I believe that this year we are not unfamiliar with the "nucleic acid test", but with the major news media coverage of it, from the beginning many people do not know how the nucleic acid test in the end, to now heard that some are blood, some are throat swabs, some or nasal swabs, directly poked inside the nose, to how uncomfortable. These rumors make a small number of people who would have liked to do a nucleic acid test, now become very apprehensive, and even make a part of it has been unclear in the end to do the kind of test is good, is right? Some people are torn between blood sampling and pharyngeal swab, is it better to have a pharyngeal swab or blood sampling? So what is the difference between a pharyngeal swab and a blood draw for the new crown test? Let's find out
New Coronavirus testing is currently divided into two main types of nucleic acid testing and (blood) antibody testing, generally speaking, in the clinical diagnosis, the combination of the two tests to determine whether the tested person is infected with the virus and the stage of the disease.

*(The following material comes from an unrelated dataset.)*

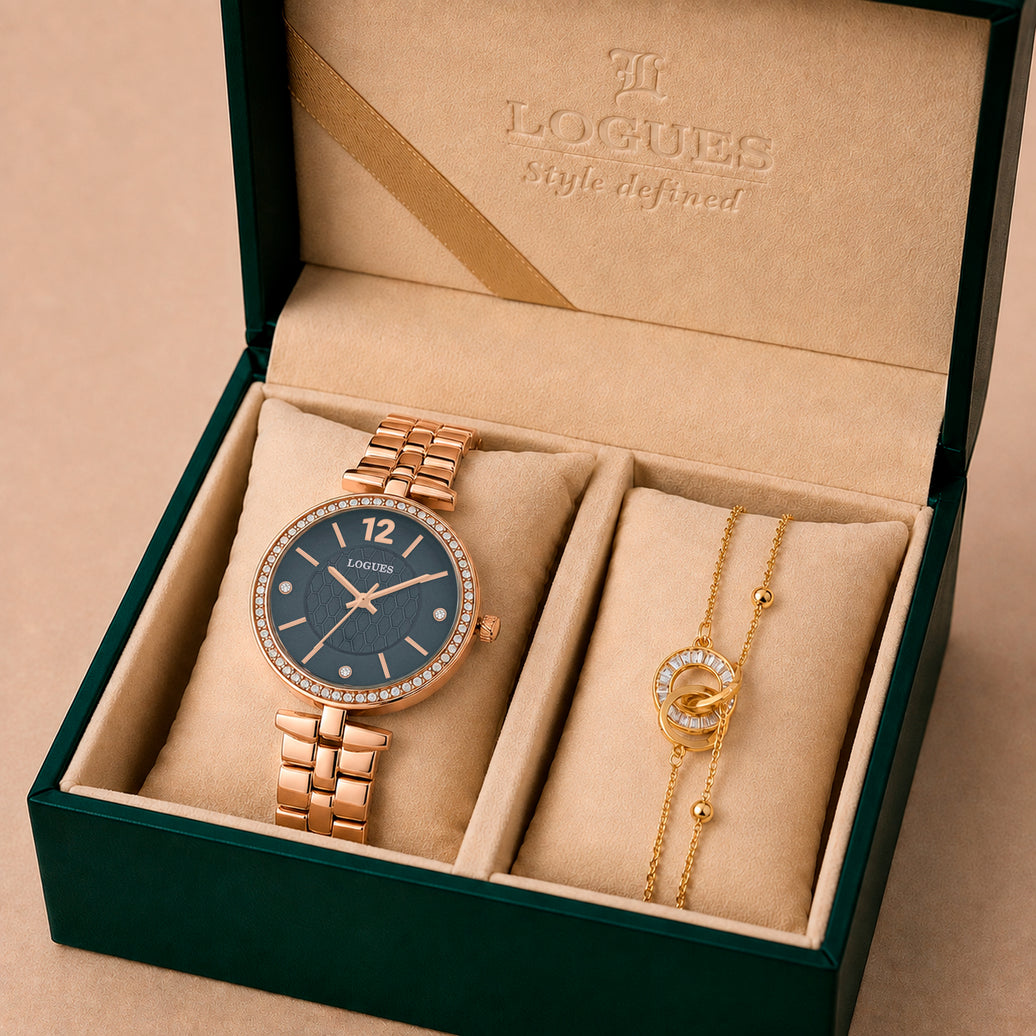 Logues | L 6275 WM-04 Logues Quartz Analogue Blue Dial Rose Gold Metal Strap Watch For Women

The pharyngeal swab is taken from the patient's respiratory secretions to detect the RNA of the virus in the secretions to see if the patient is infected with the virus. The specimen taken for the blood draw is taken from the patient's blood and used for antibody testing to see if there are antibodies in the patient's blood that have been stimulated by the virus and to detect whether the patient is infected by the virus and the stage of the disease. The higher the viral load, the greater the likelihood of a positive nucleic acid test. Theoretically, viral nucleic acid can be detected within 1 to 2 days of infection.
Regardless of the disease, blood tests are an essential part of the clinical workup. For the new coronavirus, routine blood tests can help the doctor first identify whether the infection is bacterial or viral. If the patient's peripheral blood count is normal or decreased and the lymphocytes are decreased in routine blood tests, then it is very likely that the infection is viral, and then combined with the patient's rheumatology and symptoms and signs, the doctor is able to determine whether the patient is a suspected case of new coronavirus infection before the subsequent viral nucleic acid test. So in this respect, the blood test is also helpful in screening for neo-coronavirus.
While nucleic acid test results for new coronavirus are an important reference for the diagnosis and efficacy evaluation of novel coronavirus pneumonia, screening specimens for nucleic acid testing are mostly derived from deep cough sputum or pharyngeal swabs. Since oropharyngeal swabs are relatively simple to perform with an open mouth, they are more commonly used in clinical practice. However, if the pharyngeal swab is not performed properly, it may result in a "false negative" result, which may delay the patient's treatment. Therefore, the nucleic acid and blood antibody tests need to complement each other to confirm the presence of infection and the status of the patient.
Currently, pharyngeal swabs are more commonly used for nucleic acid testing in China.